Terkait kasus ini, Istana melalui Menteri Sekretaris Negara (Mensesneg) Prasetyo Hadi mengungkapkan keprihatinan terhadap insiden penyiraman air keras yang dialami Andrie Yunus. Prasetyo menyebut bahwa Presiden Prabowo Subianto telah menginstruksikan agar kasus ini diusut secara objektif dan terbuka. "Ya tentu kita sangat prihatin dengan kejadian itu dan sebagaimana sudah disampaikan Bapak Kapolri, Bapak Presiden memerintahkan untuk diusut secara objektif, terbuka, dan secepat-cepatnya gitu," kata Prasetyo di kantor Kemhan, Jakarta Pusat, Selasa (17/3).

Kapolri Jenderal Listyo Sigit Prabowo juga menegaskan komitmen Polri untuk menuntaskan kasus ini. Dia menyatakan telah mendapatkan perintah langsung dari Presiden Prabowo untuk mengusut kasus tersebut secara profesional dan transparan. "Terkait dengan perkembangan dari penyerangan aktivis, saya telah mendapatkan perintah langsung dari Bapak Presiden untuk melaksanakan pengusutan tuntas secara profesional, transparan," ujar Jenderal Sigit usai meninjau arus mudik di Stasiun Besar Surabaya Gubeng, Jawa Timur, Minggu (15/3).

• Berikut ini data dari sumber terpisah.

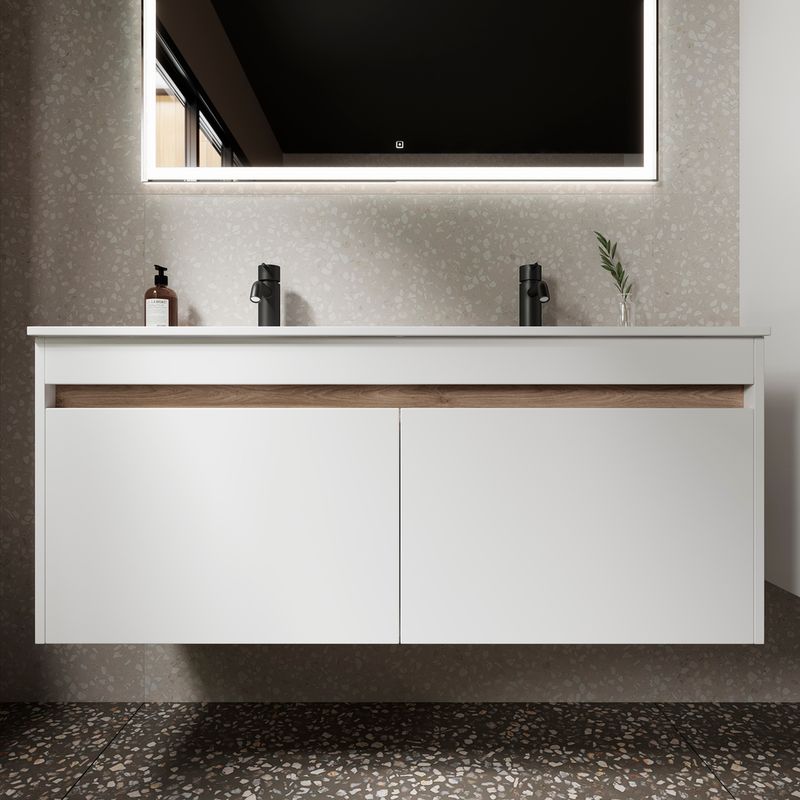 Тумба подвесная Sancos Smart SM120-2W 119х45х50 (белый), глянец, для двойной раковины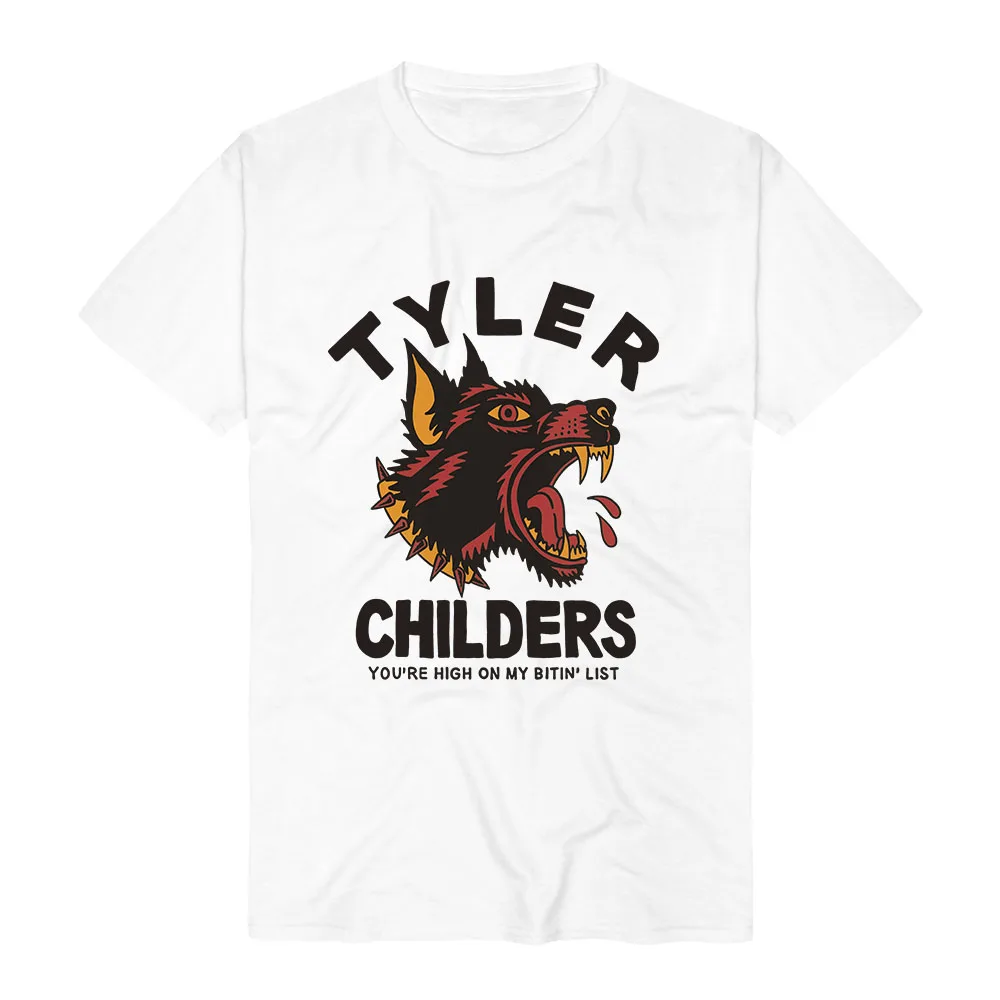 SPIKE COLLAR BITIN' LIST T-SHIRT Tyler Childers Design Print Merch Tees Summer Short Sleeve Casual Cotton Tshirts Fashion Unisex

Jenderal Sigit menjelaskan bahwa Polri akan menggunakan metode ilmiah dalam pengusutan, dengan pengumpulan informasi yang terus dilakukan oleh tim di lapangan. "Langkah-langkah yang kita lakukan tentunya tetap mengedepankan scientific crime investigation. Saat ini kita sedang melakukan pengumpulan informasi-informasi, dan informasi-informasi tersebut nantinya akan kita dalami satu per satu," tuturnya.

Dengan berbagai respons ini, kasus penyiraman air keras terhadap Andrie Yunus terus mendapat perhatian dari berbagai pihak, termasuk TNI, Istana, dan Polri, yang berkomitmen untuk mengungkap kebenaran secara transparan.